(Stored records)
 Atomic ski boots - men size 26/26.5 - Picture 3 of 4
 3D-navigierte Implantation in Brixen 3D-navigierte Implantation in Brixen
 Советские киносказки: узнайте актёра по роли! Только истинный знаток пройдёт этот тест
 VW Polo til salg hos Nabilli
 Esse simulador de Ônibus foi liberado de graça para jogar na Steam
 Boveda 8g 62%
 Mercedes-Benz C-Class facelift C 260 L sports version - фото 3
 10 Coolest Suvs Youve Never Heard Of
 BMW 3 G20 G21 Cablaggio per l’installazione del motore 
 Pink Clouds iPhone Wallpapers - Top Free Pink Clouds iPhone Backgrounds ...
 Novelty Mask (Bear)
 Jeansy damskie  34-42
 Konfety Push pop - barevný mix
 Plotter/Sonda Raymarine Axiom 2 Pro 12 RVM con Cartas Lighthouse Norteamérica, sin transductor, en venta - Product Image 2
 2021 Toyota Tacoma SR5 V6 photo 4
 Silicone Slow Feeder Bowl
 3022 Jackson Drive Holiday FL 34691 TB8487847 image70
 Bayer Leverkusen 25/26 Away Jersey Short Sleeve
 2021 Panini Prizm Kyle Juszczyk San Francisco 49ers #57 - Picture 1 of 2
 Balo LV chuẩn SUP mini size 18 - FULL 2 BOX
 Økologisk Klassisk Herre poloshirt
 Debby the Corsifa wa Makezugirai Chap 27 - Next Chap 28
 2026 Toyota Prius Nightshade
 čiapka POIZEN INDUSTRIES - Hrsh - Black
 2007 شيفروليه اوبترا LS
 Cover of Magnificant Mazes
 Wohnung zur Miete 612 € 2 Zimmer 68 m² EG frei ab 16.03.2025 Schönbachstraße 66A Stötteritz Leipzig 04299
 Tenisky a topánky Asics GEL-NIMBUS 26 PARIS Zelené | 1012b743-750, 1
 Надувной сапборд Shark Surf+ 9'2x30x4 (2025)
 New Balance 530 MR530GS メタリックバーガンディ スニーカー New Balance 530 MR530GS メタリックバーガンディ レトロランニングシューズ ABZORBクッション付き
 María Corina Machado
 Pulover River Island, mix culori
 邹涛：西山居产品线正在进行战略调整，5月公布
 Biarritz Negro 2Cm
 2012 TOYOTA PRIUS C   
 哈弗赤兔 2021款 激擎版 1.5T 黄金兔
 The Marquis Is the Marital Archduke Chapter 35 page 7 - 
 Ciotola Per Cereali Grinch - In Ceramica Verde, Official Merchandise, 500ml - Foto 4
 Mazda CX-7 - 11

### Exercise objective
Take the lines above from the one containing "Wohnung zur Miete" down to the one containing "2012 TOYOTA PRIUS C", and transcribe them exactly, both ends included.

### Task solution
 Wohnung zur Miete 612 € 2 Zimmer 68 m² EG frei ab 16.03.2025 Schönbachstraße 66A Stötteritz Leipzig 04299
 Tenisky a topánky Asics GEL-NIMBUS 26 PARIS Zelené | 1012b743-750, 1
 Надувной сапборд Shark Surf+ 9'2x30x4 (2025)
 New Balance 530 MR530GS メタリックバーガンディ スニーカー New Balance 530 MR530GS メタリックバーガンディ レトロランニングシューズ ABZORBクッション付き
 María Corina Machado
 Pulover River Island, mix culori
 邹涛：西山居产品线正在进行战略调整，5月公布
 Biarritz Negro 2Cm
 2012 TOYOTA PRIUS C   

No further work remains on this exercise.